34th Mayor of Seattle
- In office June 7, 1926 – June 4, 1928
- Preceded by: Edwin J. Brown
- Succeeded by: Frank E. Edwards

Personal details
- Born: Bertha Ethel Knight October 19, 1868 Ware, Massachusetts
- Died: November 29, 1943 (aged 75) Ann Arbor, Michigan
- Resting place: Evergreen Washelli Memorial Park
- Party: Republican
- Spouse: Henry M. Landes
- Alma mater: Indiana University Bloomington
- Profession: Mayor, City Council Member, City Council President, Teacher

= Bertha Knight Landes =

American politician (1868–1943)

Bertha Ethel Knight Landes (October 19, 1868 – November 29, 1943) was the first female mayor of a major American city, serving as mayor of Seattle, Washington from 1926 to 1928. After years of civic activism, primarily with women's organizations, she was elected to the Seattle City Council in 1922 and became council president in 1924.

==Early years ==
Landes was born in Ware, Massachusetts to Charles Sanford Knight and Cordelia Cutter. Her father, a veteran of the Union Army, moved the family to Worcester in 1873. She attended Worcester's Dix Street School and Classical High School, from which she received her diploma.
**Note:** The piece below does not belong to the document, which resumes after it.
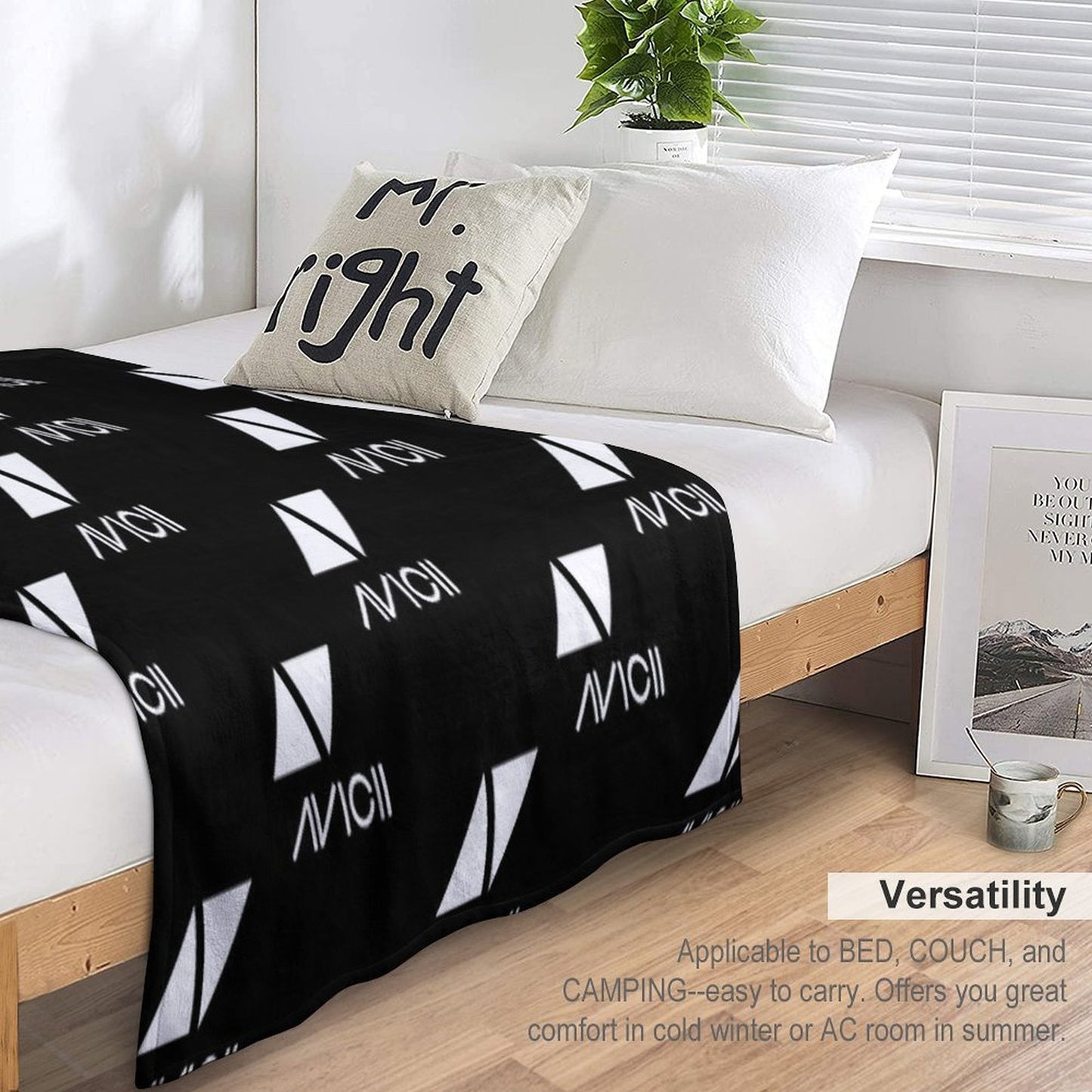 Avicii Gift-ready Throw Blanket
At the age of 19 she moved to Bloomington, Indiana, to live with her older sister Jessie Knight, whose husband David Starr Jordan had become the president of Indiana University Bloomington. Bertha enrolled as a student at the university in the fall of 1888. She received a degree in history and political science in 1891, after which she returned to Worcester.
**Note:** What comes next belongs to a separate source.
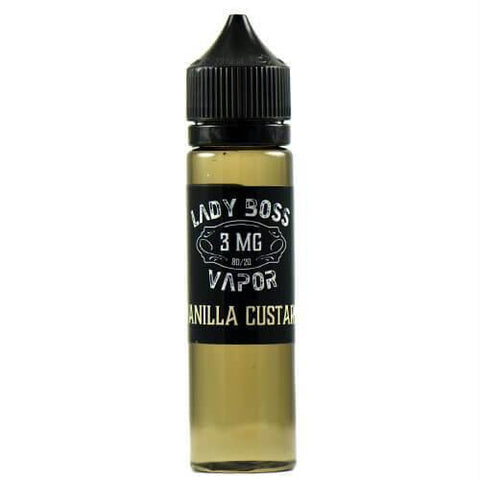 Lady Boss Vapor - Vanilla Custard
After three years of teaching at her alma mater, the Classical High School in Worcester, Massachusetts, she married geologist Henry Landes on January 2, 1894. Knight and Landes had met as students at Indiana University. The couple had three children, one of whom was adopted. Landes moved to Seattle in 1895 when her husband Henry became a geology professor at the fledgling University of Washington, with the help of a favorable recommendation from Jordan. Henry would go on to become dean of the College of Sciences in 1912, the university's first.

==Civic activism==
In Seattle, Landes was active in women's organizations, including the Women's University Club, the Rainier Club, and the Women's Auxiliary of University Congregational Church. She was a member of the influential Women's Century Club, for which she served as the head of social services (1916–17) and then president (1918-1920). She was president of the Washington State chapter of the League of Women Voters.
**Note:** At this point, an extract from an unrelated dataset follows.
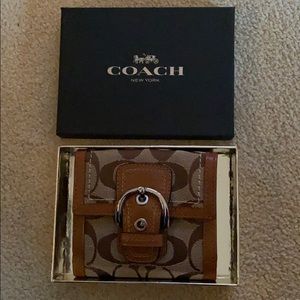 Coach wallet
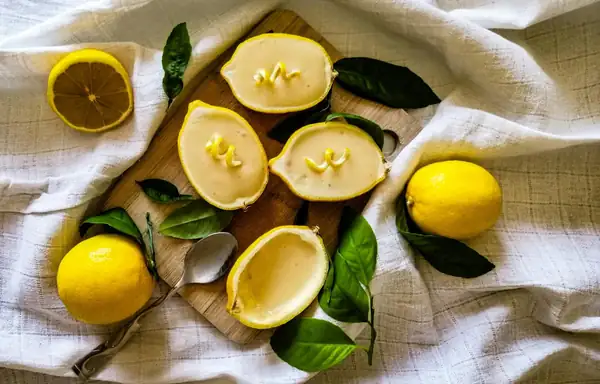 Posset de limón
From 1920-22 Bertha served as president of the Seattle Federation of Women's Clubs, which by 1923 included 245 member clubs representing thousands of women. With the Federation, in 1921 she orchestrated a weeklong Women's Educational Exhibit for Washington Manufacturers. Staffed by more than 1,000 club women and showcasing the technological innovations of 130 manufacturers, it bolstered the spirits of the business community during a period of severe recession, symbolizing for the state's business community the emergence of Seattle as a sophisticated, modern metropolis. One such manufacturer wrote to Landes after the exhibit expressing hope "that someday you will be rewarded by seeing greater prosperity in Seattle, and that you will then feel fully repaid for the untiring efforts you have put forth."

That year, Landes was appointed by the city mayor to serve on a commission studying unemployment, the only woman on the five-member commission.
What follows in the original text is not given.